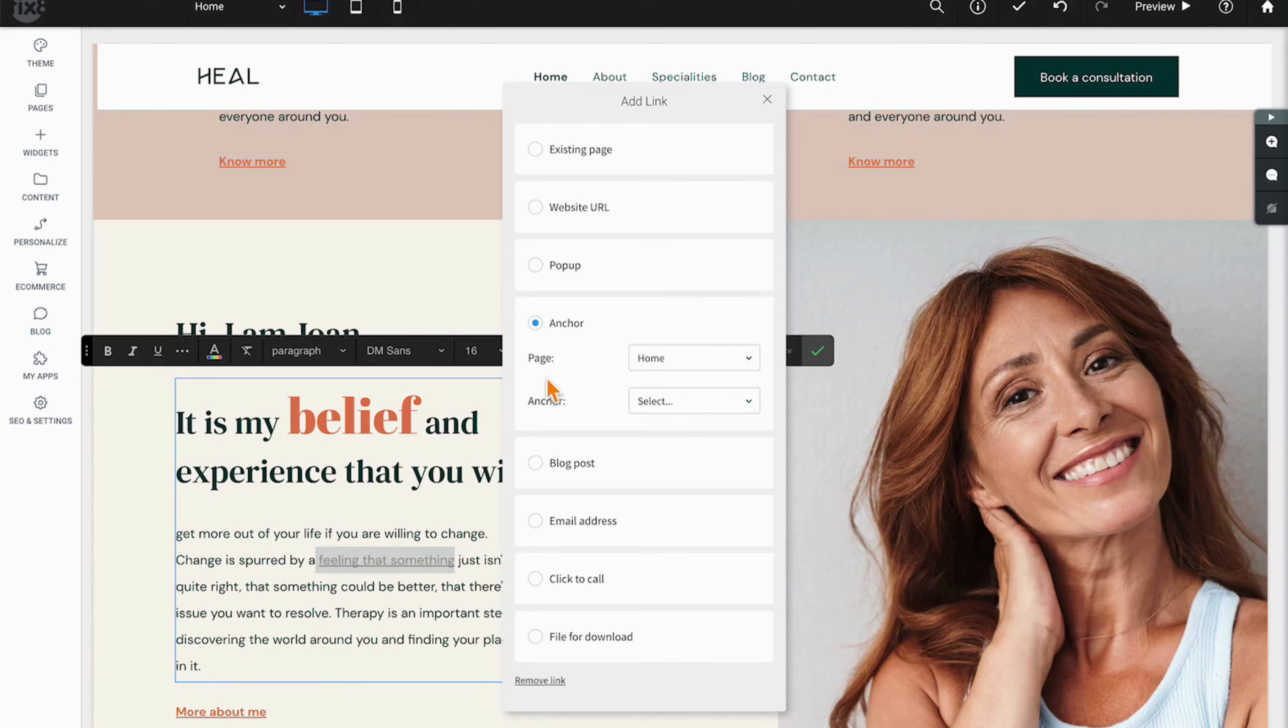Anchor links allow you to link up and down to different anchor points on different pages, provided you have created those.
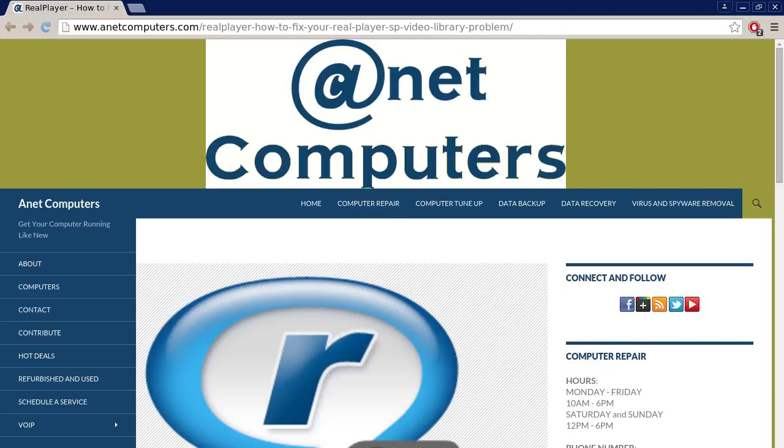You can always browse through ainitcomputers.com for other possible tips, information and tricks to help you solve your most common computer problems. Thank you for listening. Adios.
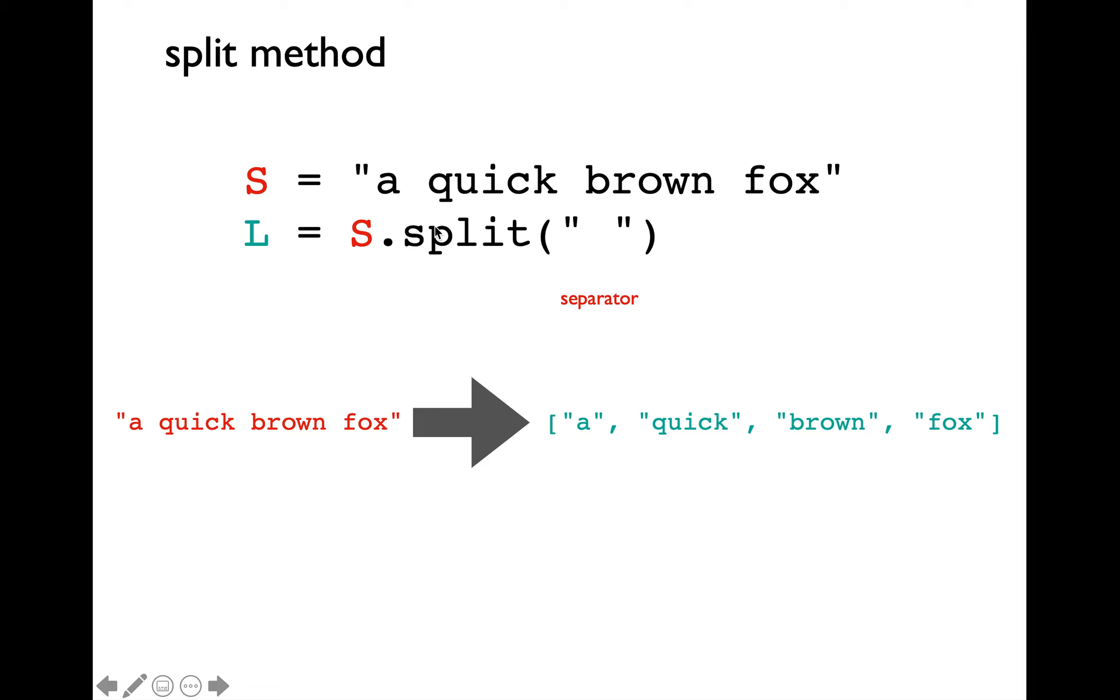The split method enables us to transform a string into a list of strings. We'll have to invoke the split method using the string variable, so we'll have to say s.split.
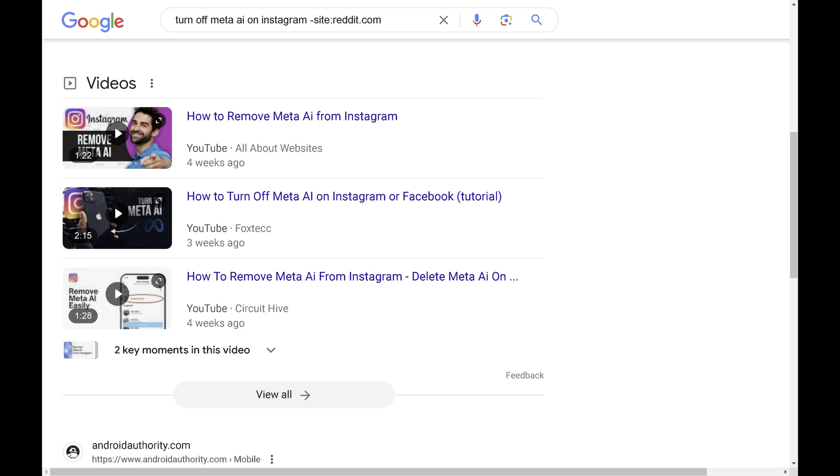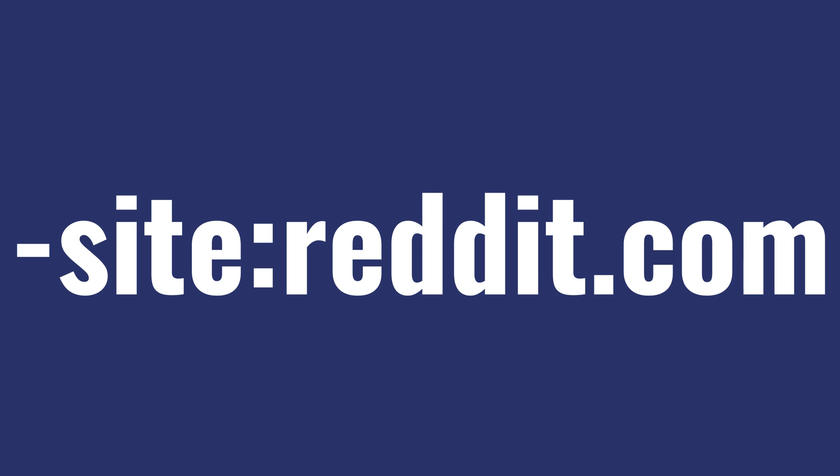You can filter any domain or website from Google search results by including hyphen site colon, and then the website or domain you don't want to see any results returned for in the search results.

━━━━

Work to be completed
Once the pictures are set aside, repeat the data above exactly.

Task output
Anchor links allow you to link up and down to different anchor points on different pages, provided you have created those.
You can always browse through ainitcomputers.com for other possible tips, information and tricks to help you solve your most common computer problems. Thank you for listening. Adios.
The split method enables us to transform a string into a list of strings. We'll have to invoke the split method using the string variable, so we'll have to say s.split.
You can filter any domain or website from Google search results by including hyphen site colon, and then the website or domain you don't want to see any results returned for in the search results.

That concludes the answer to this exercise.